This is cool but I think it gives people a false sense of security that their lawmakers aren't taking financial advantage of the positions they're in. Surely if a Senator came across a lucrative but illegal opportunity to profit off of some kind of information they become privy too, they'd do it in a way that will bypass the Senate Financial Disclosure Database, such as having friends/family trade by proxy for them, selling that valuable info to the highest bidder and getting paid in bitcoin, etc.
This is a reasonable concern. And indeed we only (currently) track holdings of publicly-traded securities, where for some senators a decent fraction of assets are in privately-held companies or things like property investments. We take some solace in the fact that officials are required to disclose trades by spouses + dependents (which we include in our calculations), but you're right that we could be missing more illicit activity.
We hope that this work highlights potential dangers of allowing officials to trade in individual stocks, and encourage more robust legislation that would limit the sort of activity you're describing. Obviously very idealistic, but that's the goal.

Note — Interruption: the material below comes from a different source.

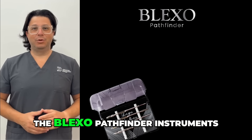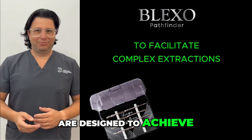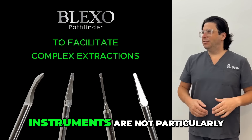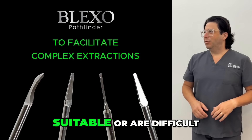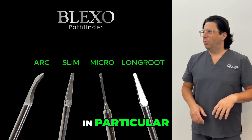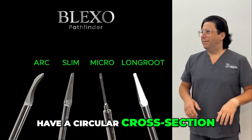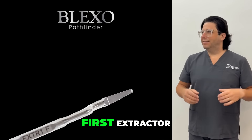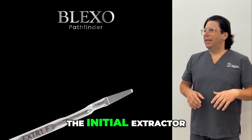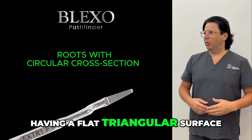The Blackstone Pathfinder instruments are designed to achieve effective periodotomy in all those situations where traditional instruments are not particularly suitable or are difficult to use. In particular, when faced with roots that have a circular cross-section, the use of the first extractor — commonly used as the initial extractor — presents the problem of having a flat triangular surface.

Why do you care about a Ukranian gas company's hiring practices? If they want to waste money overpaying for an unqualified board member simply for name association that's on them. Nobody in this country is affected. The better question is what is the current President's unqualified son-in-law doing handling middle east peace talks AND heading the coronavirus task force. Those things definitely do impact Americans.
Do you have any evidence, even circumstantial that points to Biden getting his son on that board?
Seems a lot more likely that the board recruited the son to the board hoping it would provide political cover. Which it also does not appear to have worked since Biden requested the dismissal of the AG that had already closed investigations into Barisma.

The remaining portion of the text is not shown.